One of the purposes of the individual mandate is to make other provisions of the Act economically feasible. For example, other provisions of the Act will eventually require insurers to offer coverage at the same cost to all individuals of the same age and geographic location, regardless of an individual’s pre-existing health conditions. Before the Act, pre-existing health conditions would normally have prevented an individual from getting affordable coverage or any coverage at all. In essence, the Act now requires insurers to provide coverage to high-risk individuals, and to charge those individuals the same premiums that are charged to lower-risk individuals. (Employers who provide group health coverage are already subject to similar requirements through ERISA and HIPAA.) When Congress was drafting the Act, it determined that the requirement to cover high-risk individuals would likely increase the cost of premiums, especially in the individual market, because these individuals would be able to get coverage on the same terms as everyone else.

The individual mandate was intended to ameliorate this outcome by requiring everyone, both high-risk and low-risk, to purchase coverage. The idea is that the more people an insurer covers (and in particular, the more low-risk people an insurer covers), the less expensive everyone’s coverage will be, because low-risk individuals who had not previously decided to purchase health insurance would be required to do so for the first time.

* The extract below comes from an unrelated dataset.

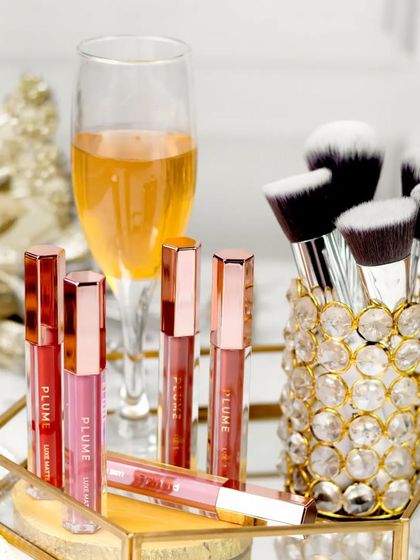 A collection of matte liquid lipsticks and makeup brushes are arranged in a crystal-studded holder, next to a glass of champagne. This setup creates a celebratory, glamorous vibe perfect for a beauty brand.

The individual mandate has been challenged on the grounds that it is not an exercise of Congress’s specifically enumerated powers under the Constitution. More specifically, the Act’s opponents argue that the individual mandate is not a regulation of commerce or an exercise of Congress’s power to tax and spend. Opponents argue that the individual mandate is not a regulation of commerce because it requires individuals to purchase something they have not otherwise chosen to purchase (health insurance), and that the mandate therefore requires certain individuals to engage in commerce before such commerce is regulated through the other provisions of the Act. During oral arguments on Tuesday, the Solicitor General argued that everyone is effectively engaged in commerce in the health care market, because everyone will at some point need health care. According to the Solicitor General, “[u]nder the Commerce Clause, what Congress has done is to enact reforms of the insurance market . . . that preclude discrimination based on pre-existing conditions . . .[and] the [individual mandate] provision is necessary to carry into execution those insurance reforms.” Counsel for the Act’s opponents argued, however, that “[t]he Commerce Clause gives Congress the power to regulate existing commerce. . . . It does not give Congress the far greater power to compel people to enter commerce, [or] to create commerce essentially in the first place.” Based on questioning during Tuesday’s oral arguments, it appears that the constitutionality of the individual mandate will be one of the most highly debated issues among the individual justices as the Court reaches its overall decision.

It is important to point out that the survival (or demise) of the individual mandate may have a significant collateral impact on employers. Although we cannot be sure how or if the individual mandate will affect the economics of the health care market going forward, the remainder of the Act’s provisions seem to rely, at least from an economic perspective, on the survival of the mandate. That is, if the Court ultimately decides that the mandate is unconstitutional, the survival of the remaining provisions of the Act could significantly increase (absent some future accommodation from Congress) the cost of providing health care coverage to employees. The third and final day of arguments will address aspects of this important topic.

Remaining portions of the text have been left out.